The more important lesson from this chapter, though, is that of God’s sovereignty over the nations.  Though the book of Daniel is more well known for directly addressing this, in God’s word we find the same truths taught in multiple places, the same teaching that affirms the unity of all scripture.  The Deuteronomy text especially points out that even nations of giants, those people especially gifted with physical strength, were defeated and no longer around.  The people of Israel needed to not fear the inhabitants of Canaan (as their parents of 40 years earlier, at Kadesh Barnea).  We likewise can learn from this: nations which appear as very strong and powerful, will yet topple.  It is God who raises up nations, and God who brings them down to ruin.

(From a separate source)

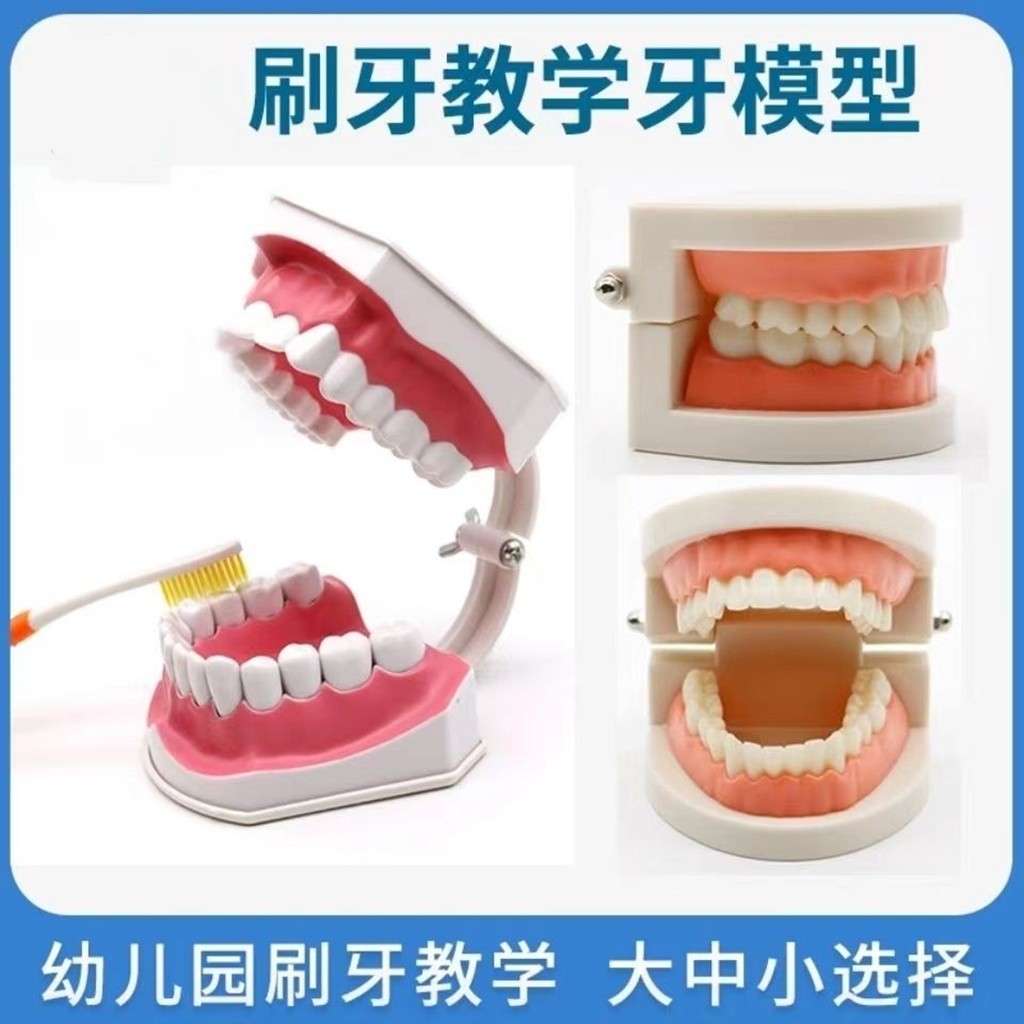 牙齿模型 幼儿园教学刷牙模型模具牙科教学模型摆件龋齿模型教具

As Chantry well observed, as application for us, especially in reference to politics and government, in this (once again) U.S. election year:

The strength of men is meaningless in the face of divine sovereignty. Why did all of these nations fall? Because God said that it was time for them to do so…nations, just like men, live under the decree of God. We do NOT create our own future. Now that’s an important thing for us to contemplate in an election year, is it not? Because every candidate of every political stripe is going to sell that message one way or another. ‘We are going to create our future’, and they’re going to ask you, as a voter, ‘what sort of a future are we going to create?’ It’s a helpful thing for the Christian to sit back and say, no, no, we do not rule the future. God rules the future. God determines. Governments retain their power only so long as God permits. That’s not intended as a rabble-rousing statement. I’m not indicating that we or any other Christian ought to take up arms against the government. I’m merely observing a reality. It is a reality of scripture and a reality of history, that governments retain their power only so far as God permits. And when that power ends, it ends; and sometimes it ends with startling speed. We cannot put confidence in history. … We live under the decree of God, and God does with nations as He does with men. He does whatsoever He wills.